In PCM optimization mode, the simulation results for the scheduling of the BESS demonstrate a shorter period than in other control modes. The constraints are described in the Eqs. (43) and (45), and the potential supplied energy of the BESS is described by Eqs. (44) and (46). The discharging amount of the BESS is simple and finite and is not dependent on any other factors. From Table 6, the percentage of maximum cost reduction in a single day belongs to \(H_{3}\): approximately \(12.03\%\) under normal conditions and \(33.10\%\) under optimal conditions. The cost reduction difference between normal and optimal condition for \(H_{1}\), \(H_{2}\), \(H_{3}\), and \(H_{4}\) are \(16.42\%\), \(20.18\%\), \(21.07\%\), and \(15.34\%\).

Furthermore, the higher percentages of daily electricity cost reduction lead the shorter payback periods for the household. While the home is considered a conventional house, the shorter payback periods correspond to \(H_4\), which is 4 years, 11 months, and 22 days (approximately) under normal conditions and 4 years, 7 months, and 24 days (approximately) under optimal conditions. Furthermore, when the house is deemed a smart house, \(H_3\) has the shortest payback times, which are 7 years and 10 days (approximately) under normal conditions and 2 years, 6 months, and 18 days (approximately) under optimal conditions.

SCM

In this case, the constraints for day-ahead power generation are included, and the objective function is modified by the discharge factor for PV generation. The constraints are explained in Eqs. (47), (48), (49), (52), (53), and (54). The objective function is calculated in Eqs. (51) and (55). The results significantly improved compared with the PCM. The maximum and minimum percentages of the cost reduction are \(15.03\%\) and \(10.38\%\) under normal conditions and \(34.72\%\) and \(24.76\%\) under optimal conditions.

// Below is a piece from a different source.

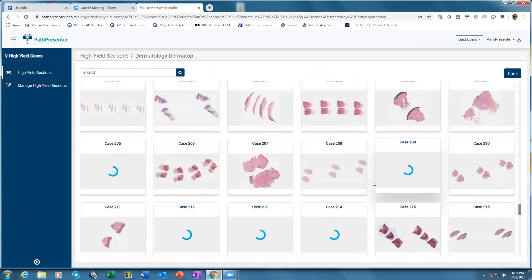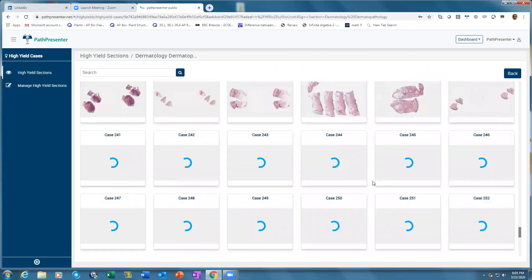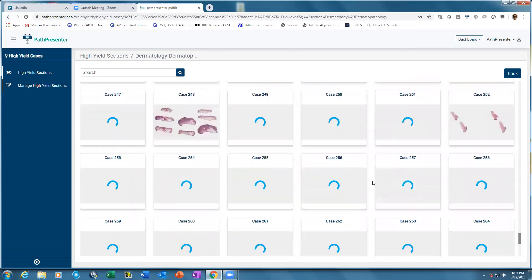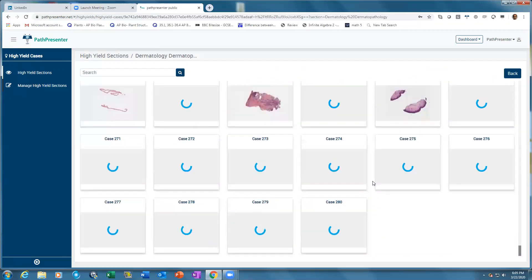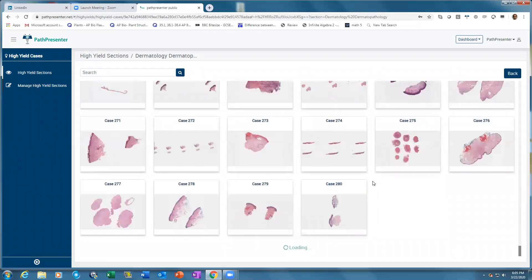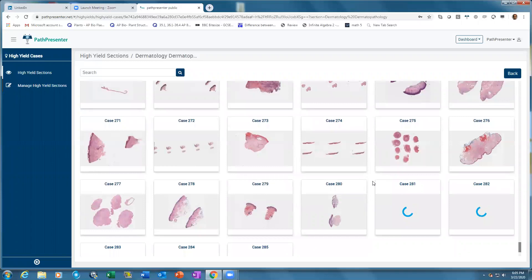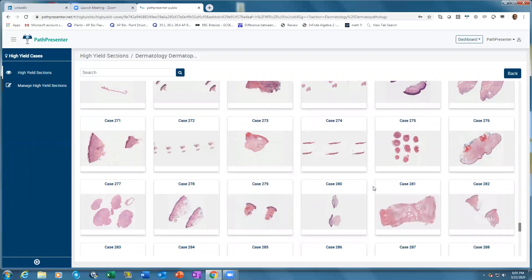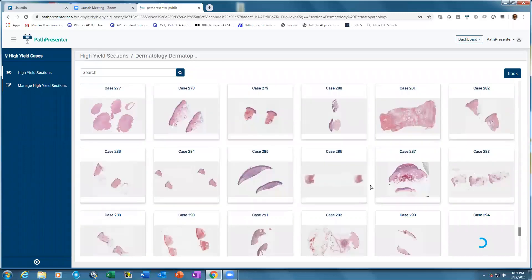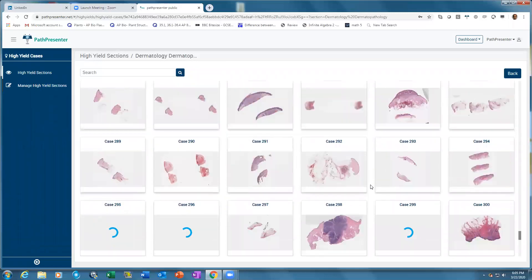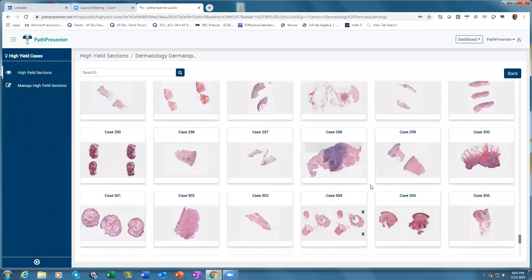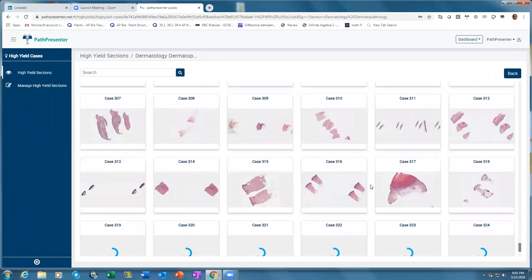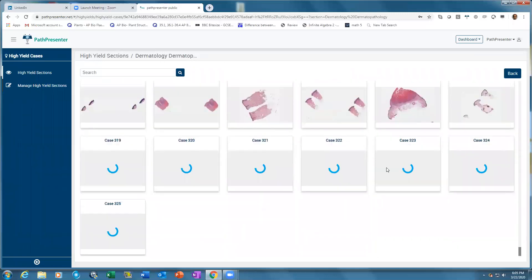In Derm Path, there are 325 cases that we have picked for you to go through over a period of three to six months before your board exams. Let's open up a case.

A conventional house requires a minimum of 4 years, 9 months, and 14 days (approximately), and a maximum of 5 years and 3 months (approximately) to compensate for the installation cost when their energy demand and PV generation are the same as \(H_{4}\) and \(H_{1}\) under normal conditions. In contrast, when the energy consumption and PV generation are the same as \(H_3\) and \(H_1\) under optimal conditions, a smart house requires a minimum of 2 years, 5 months, and 8 days (approximately), and a maximum of 3 years, 11 months, and 16 days (approximately) to recover the installation cost. Consequently, under optimal conditions, smart homes gain a significant improvement in payback time because of lower installation costs.

TCM

The highest optimization scheme of the proposed model is governed by multiple factors and a maximum number of constraints. The dynamic tariff constraint and tertiary discharging factor were added for optimal discharging. Additional constraints in Eqs. (56) and (59) are provided for the control mode. The percentage of minimization of electricity cost is the highest compared with any other model in the system. In this control mode, the highest cost optimization is obtained in \(H_{3}\) under optimal conditions, and the difference between the two conditions is \(19.77\%\). Similarly, \(H_{1}\) and \(H_{4}\) achieve the lowest optimization of about \(14.15\%\) and normal optimization of about \(15.58\%\), as anticipated.

Under the TCM, the proposed system provides much shorter payback periods for the households both conventional and smart households. Table 8 reveals that any conventional house with the same energy use and PV generation as the households in this study may recoup its installation and operational costs in four to five years (approximately). Similarly, any smart house can recover the operational cost of the proposed control and management scheme within two to four years (approximately).

Conclusion

This paper proposed an energy management model in the home environment considering the operational constraints of appliances, BESS, and dynamic tariff systems. A PV-BESS controller needs reliable forecasting and robust scheduling algorithms to maximize renewable power utilization and minimize daily electricity costs. Introducing artificial intelligence (AI)-based operational dependencies with the optimization algorithm reduces the gap between generation and consumption, enhancing the robustness and performance of scheduling and optimization results.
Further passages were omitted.